Sin embargo, como si fuese un pacto, los actores de este conflicto saben que lo que va a ocurrir es que no habrá una acusación remotamente factible de obtener mayoría de dos tercios para destituir al presidente en el Senado y, además, ninguna de las dos formaciones quiere que la ciudadanía tenga en el futuro un Poder Ejecutivo degradado por la remoción de un mandato (impeachment) desde el Congreso. Recordemos que para atenuar los efectos negativos del desgaste, Richard Nixon -con la cesantía en puerta y con varios colaboradores presos y condenados- optó por renunciar.
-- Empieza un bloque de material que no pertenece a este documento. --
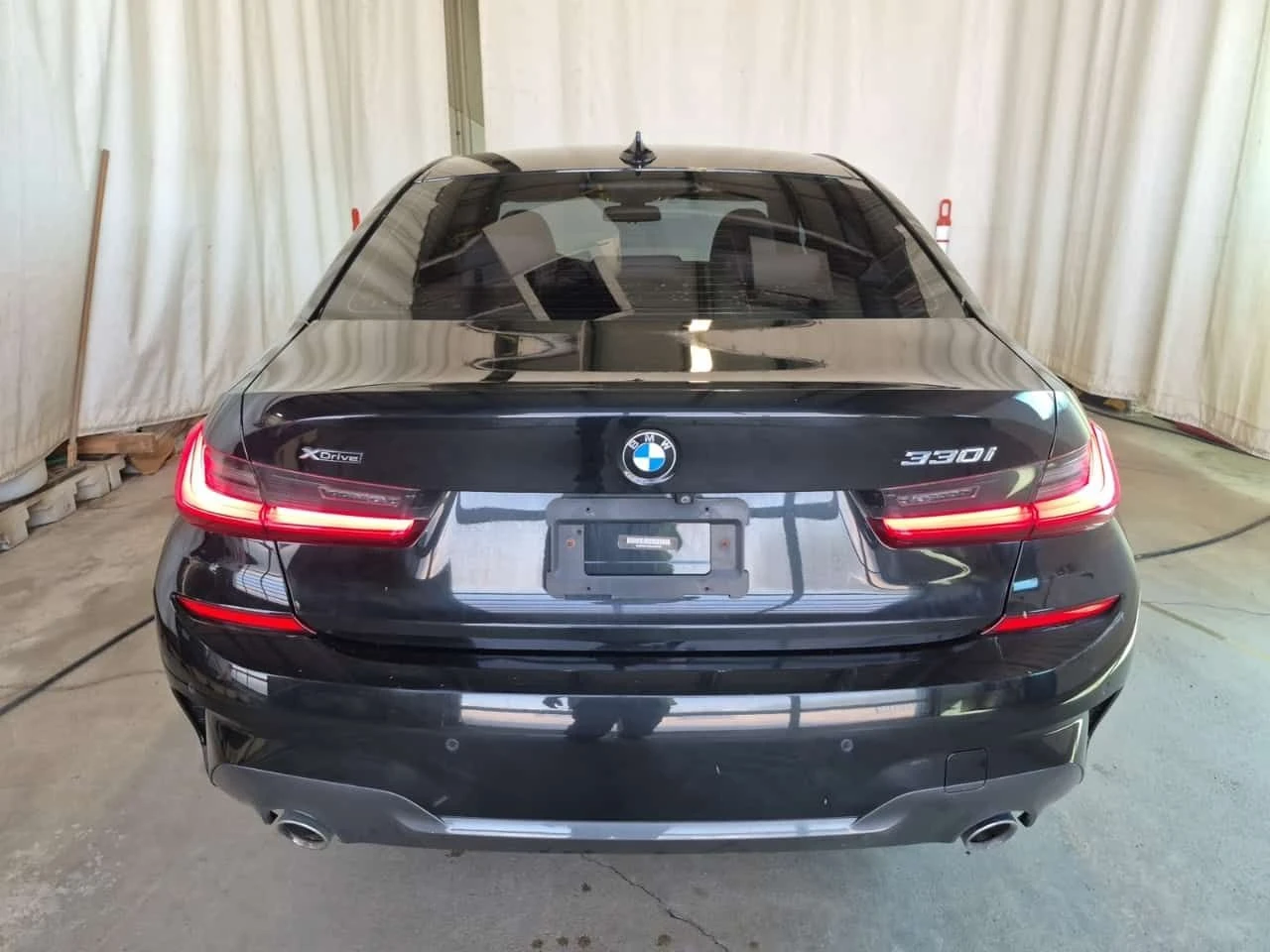 BMW 330  330I XDRIVE | M-PACK | ЦЕНА ДО БЪЛГАРИЯ | H&K , снимка 5 - Автомобили и джипове - 55301363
Como en aquel caso -obstruir la justicia, abusar del Poder Ejecutivo y quebrantar normas constitucionales- transitará la investigación actual, y eso es lo que espera Trump que le dé fortaleza a su futura campaña reeleccionista: el escándalo que dividirá a los votantes estadunidenses y supone que terminará favoreciéndolo en el Colegio Electoral, al que le corresponde elegir.
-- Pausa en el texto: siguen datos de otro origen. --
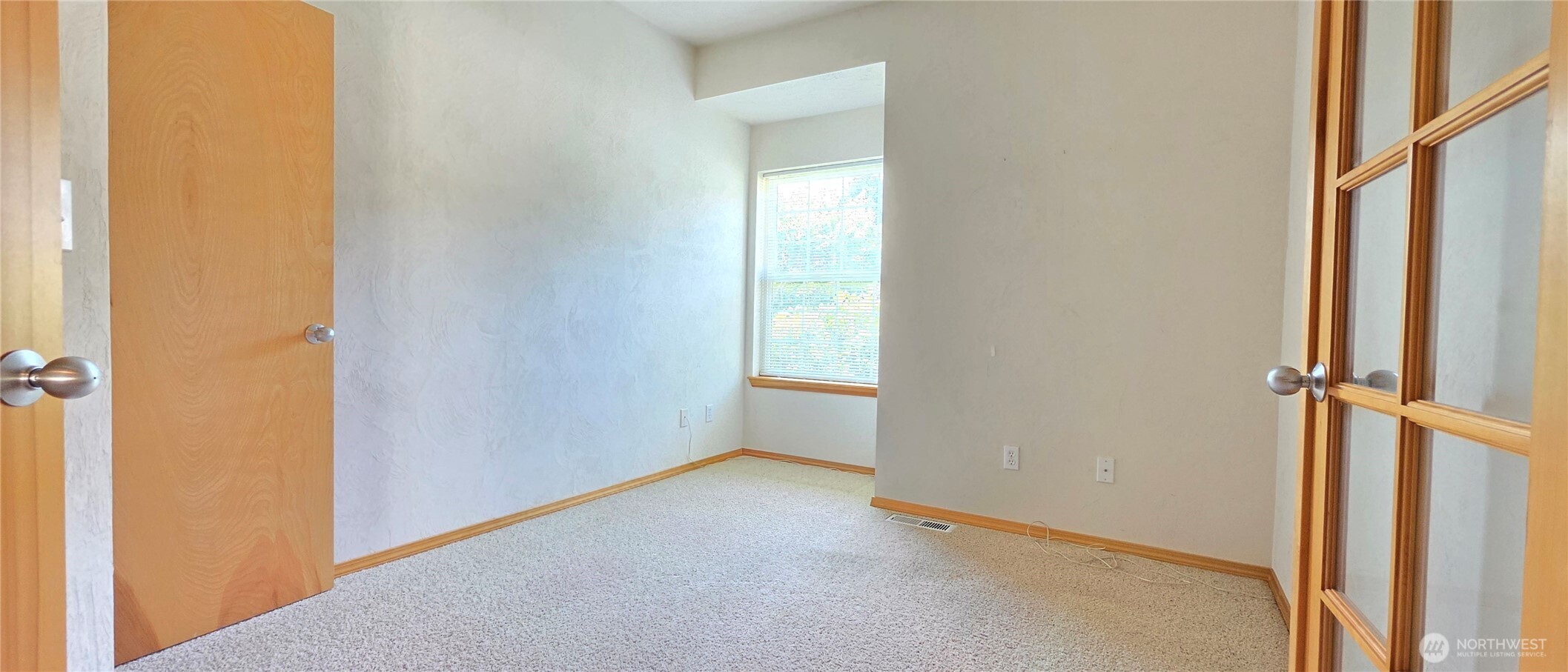 50 E Beaumont Drive #b Property Photo 12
Él conoce quienes votan y apoyan su gestión, por lo que desdeña que Amy Goodman sostenga que “apoyar la legislación para el control de armas de fuego tras numerosos tiroteos en masa; sus continuas mentiras; sus implacables ataques a la prensa; su eliminación de programas fundamentales para la red de seguridad social; su discriminación hacia las personas trans en el ejército y en las escuelas; su prohibición en contra de los musulmanes; su separación de familias y el encarcelamiento de niños migrantes (…) esas cosas ameritan abrir una investigación de juicio político” (Democracy Now!) y que recoja lo dicho por el congresista negro Al Green: “En algún momento tenemos que hacerle frente y que sepa que ya ha traspasado el límite y no lo dejaremos ir más allá”. Además, está inculpado por 24 mujeres de agresión, acoso sexual y violaciones; ha desautorizado a las ciencias climáticas y, por último -en este mismo tema- se mofó en Twitter de las palabras de Greta Thunberg.
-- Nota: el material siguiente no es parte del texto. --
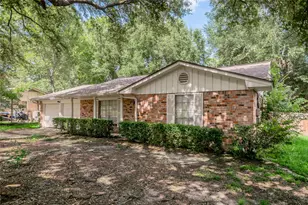 427 Sunnyside St, Huntsville, TX 77320 - Photo 1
Hace unos días atacó al demócrata Adam Schiff, que dirige el proceso de investigación, proponiendo que lo arresten por traición al haber indicado que el mandatario utilizó técnicas mafiosas, al tiempo que citó a un pastor y dijo: el juicio “causará en esta nación una fractura del tipo de la Guerra Civil de la que el país nunca sanará”, insinuando la posibilidad de que se llegue a la lucha armada, declaración acremente criticada.
Al tiempo que el gobernante señalaba que buscar su impeachment era una “caza de brujas”, se sostenía por observadores que “sabemos por experiencia que es en ese estado de caos y arriba-es-abajo donde Trump prospera”: no supone ningún sacrificio para él confrontar “Ellos contra Nosotros, del Pantano contra la Gente Común, de los Globalistas contra los Patriotas”. Entre sus seguidores, hay muchos que ni siquiera consideran como problema “apretar” a Ucrania y su presidente.
Los votantes demócratas se preguntan si fue buen momento para destapar este conflicto, con un demagogo nato como Trump, capaz de dividir, confrontar y polemizar, que puede exhibirse perseguido y victimizado para conseguir votos. Desde Nuestra América, su belicismo nos retrotrae a peores épocas.
Nuestra sureña mirada a la civilización como la conocimos y la conocemos, con los cambios tan esenciales que continua y aceleradamente la transforman ha iniciado una etapa de modificaciones que sentimos muy radicales. Sospechamos que se trata de una mutación del curso de la historia; sin embargo, cuando miramos hacia Estados Unidos -ahora con Trump y sus seguidores- nos queda la sensación de que se asemeja a las condiciones, repetidas- de un final del pasado: tenemos la impresión de que para la llegada de lo nuevo en el imperio ya tenemos un Nerón y nos aproximamos velozmente cuatro siglos- a Rómulo Augústulo.==
Agradecimiento: por la salida de Uruguay del TIAR –aunque tardó demasiado.